Mal termina de comprar um quadro e já está pensando em outro. Sua casa não tem
mais parede para exibir tantas obras. Tanto assim que ele diversifica sua coleção
começando a comprar esculturas.
Expedito inaugurou a sua pinacoteca em 1982, com uma ladeira de Olinda pintada por
Jesse Pimenta, artista de Brasília, que estava voltando à capital federal e queria se
desfazer da obra. “Foi assim que ingressei no mundo das artes. Mas só comprei
outros quadros a partir de 1990″, diz.
Expedito Soares jamais deixou de ir a exposições, fossem individuais ou coletivas.

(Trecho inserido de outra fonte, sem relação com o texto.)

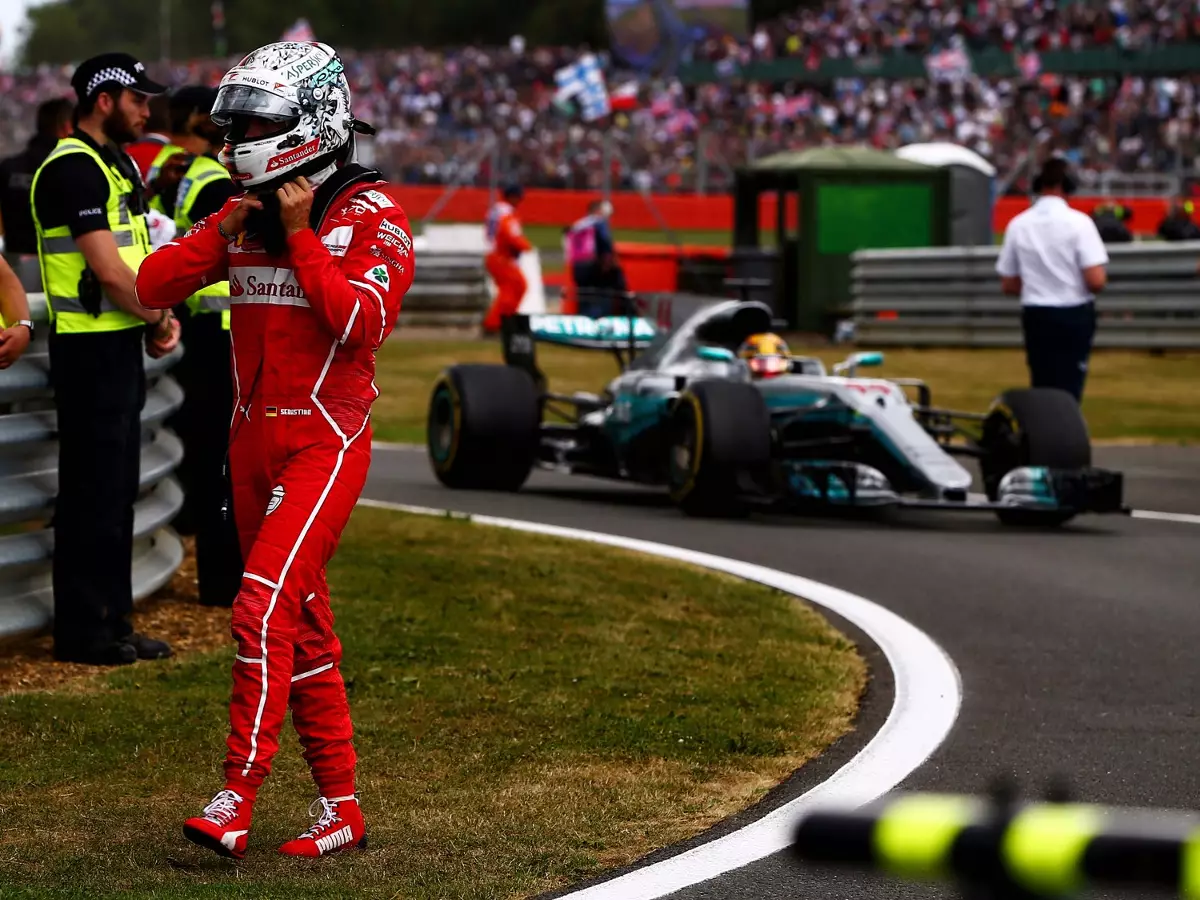 Sebastian Vettel, Lewis Hamilton Foto zur News: Zu wenig Interviews im TV: Vettel droht Schwänz-Strafe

Olhava e ficava na paquera, como ele mesmo conta. Já estava totalmente envolvido
pelo mundo das emoções vindas das cores e pinceladas. “Comecei a me interessar
ainda mais. Conhecia cada vez mais artistas e, quando estava em São Paulo, estive na
Pinacoteca. O que eu via me escandalizava e, aos poucos, fui comprando mais
quadros”.
Sua pinacoteca possui mais de trinta telas, com trabalhos de Zuleno, Sansão, Sátiro,
Queralt Prat e Ascal, entre outras. Seu trabalho preferido é Jogadores de Polo, de
Sátiro. E, apaixonado pela diversidade nas artes plásticas, começa a ampliar seu
acervo de esculturas. A primeira que comprou é do artista Jobson Figueiredo,
seguida de Corbiniano Lins e, agora, mais uma, de Ascal. Mas promete a si mesmo
não parar. Nem com as esculturas e muito menos com os quadros.